- Native to: Latvia
- Region: Bauska
- Ethnicity: Kreevins
- Extinct: mid-19th century
- Language family: Uralic FinnicSouthern FinnicVoticKrevinian; ; ; ;

Language codes
- ISO 639-3: zkv
- Glottolog: krev1234

= Krevinian dialect =

Extinct dialect of Votic

Krevinian, or Krevin (krieviņu dialekts) was a dialect of the Votic language, spoken in Latvia until the mid-19th century. It was spoken in the city of Bauska, in Courland.
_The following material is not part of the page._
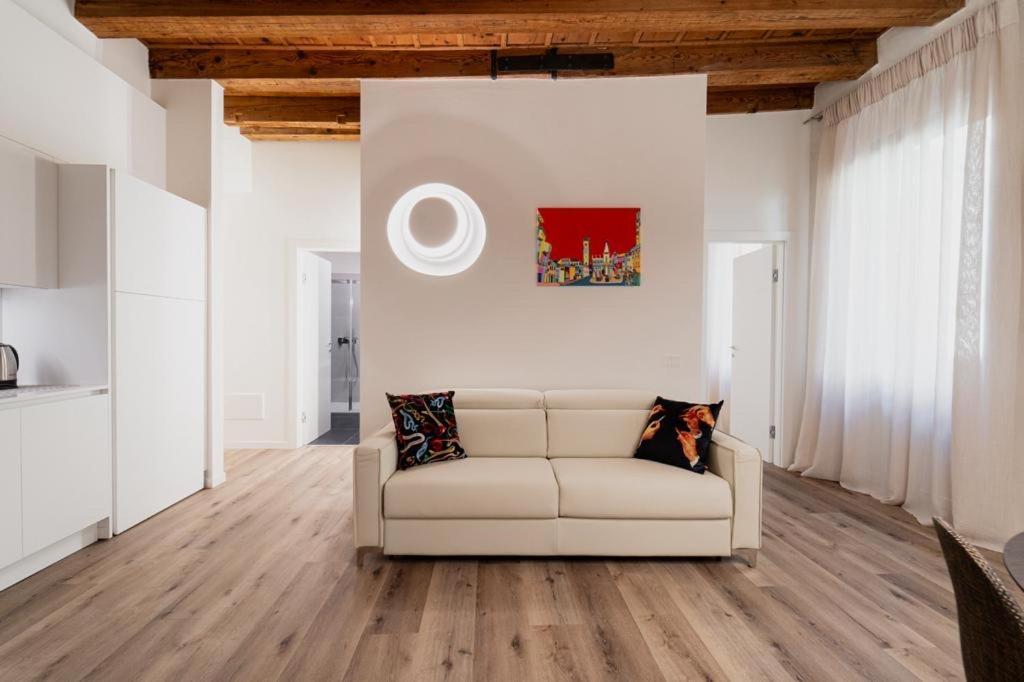 Flores Home Verona Ngoại thất bức ảnh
The Krevinian dialect left loanwords into the Bauska dialects, such as kurika 'cudgel'.

== Sample ==

Meģģi ise taiwâs!
jadku elka śiwu śenna
tulap meģģi tiwi śivu riikki!
Śiwu meelle se iggau ka kui taiwâs ni kans ma bēli!
Meģģi arma leipe anna meli tennawa.
Ġedde meggi padudd, kui me jattim umili nisi meli jad!
Elas meite kurja sad.
Śewon wodse kurģe miusse erre
Jo siula kalpap śiwu kikki śiwu appi un śiwu üwiwi śewonśe śewonśe.